Show that cosh(x) = 1 => x = 0

I am only allowed to use the definition of cosh, the algebraic rules for the exponential function, that exp(x2)>exp(x1) for x2 > x1, and the fact that we have defined it with the requirement:

exp(x) ≥ 1 + x

The exp(x) term of course is not trouble.

What I lack prooving is that:
exp(x) > 1 - x

Any ideas how I might approach it? I don't need answers, just hints

 

[CompuChip]

If x > 0, then 2x > 0 so 1 + x > 1 + x - 2x.

If x < 0, then it's not true (exp goes to 0 while 1 - x goes to infinity for x \to -\infty).

 

[aaaa202]

oh sorry I can see I made a fatal error.
I meant i need to show:
exp(-x) > 1 - x

 

[Mark44]

oh sorry I can see I made a fatal error.
I meant i need to show:
exp(-x) > 1 - x

A quick sketch of the graphs of y = e^-x and y = 1 - x shows that e^-x ≥ 1 - x for all real x, and that we get equality at only one value of x.

Assuming you can use techniques of calculus, let f(x) = e^-x - (1 - x), and find the minimum value and where it occurs.

 

[aaaa202]

I know calculus but this is an analysis course, where it has not yet been introduced. Thus I am to find another way of proving it.

 

[Mark44]

I know calculus but this is an analysis course, where it has not yet been introduced.

Really? Are you saying that you haven't learned differentiation, and you're in an analysis course?

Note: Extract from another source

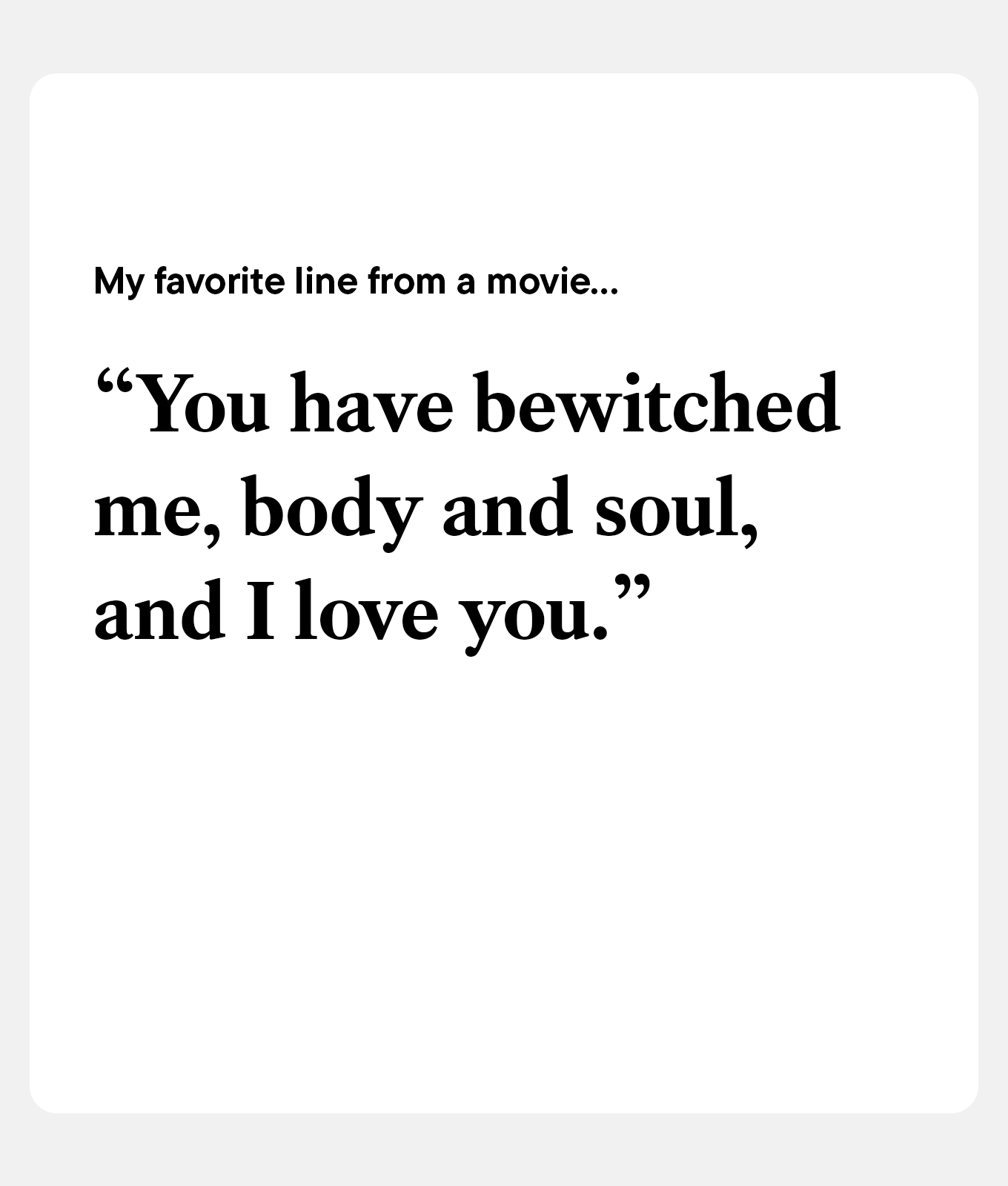 best hinge prompts: my favorite line from a movie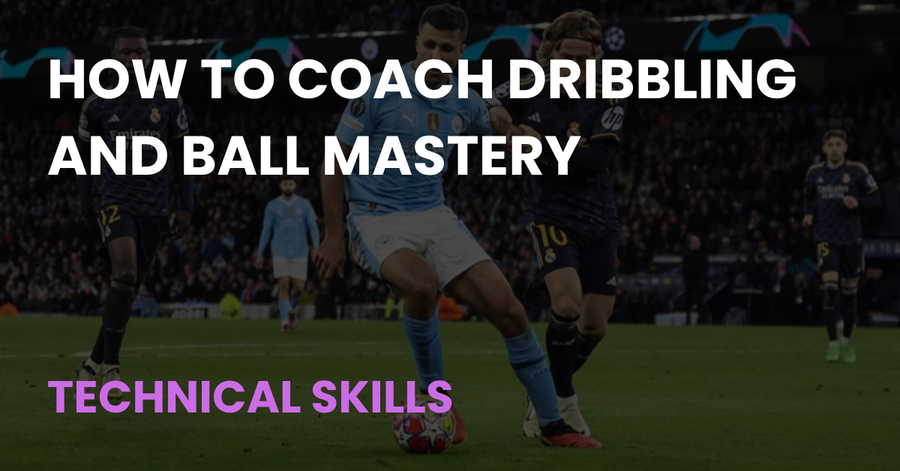 How to Coach Dribbling and Ball Mastery, Technical Skills, Coach Notes article cover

Thus I am to find another way of proving it.

 

[aaaa202]

I'm talking a rigorous analysis course where everything is built up slowly. So far we have covered continuity and the properties of limits. I know differential calculus, but I am not allowed to use it for this handout.

 

[vela]

If you know that $e^x \ge 1+x$ for all $x$, you can plug anything you want in for $x$. In particular, you can plug in $-x$.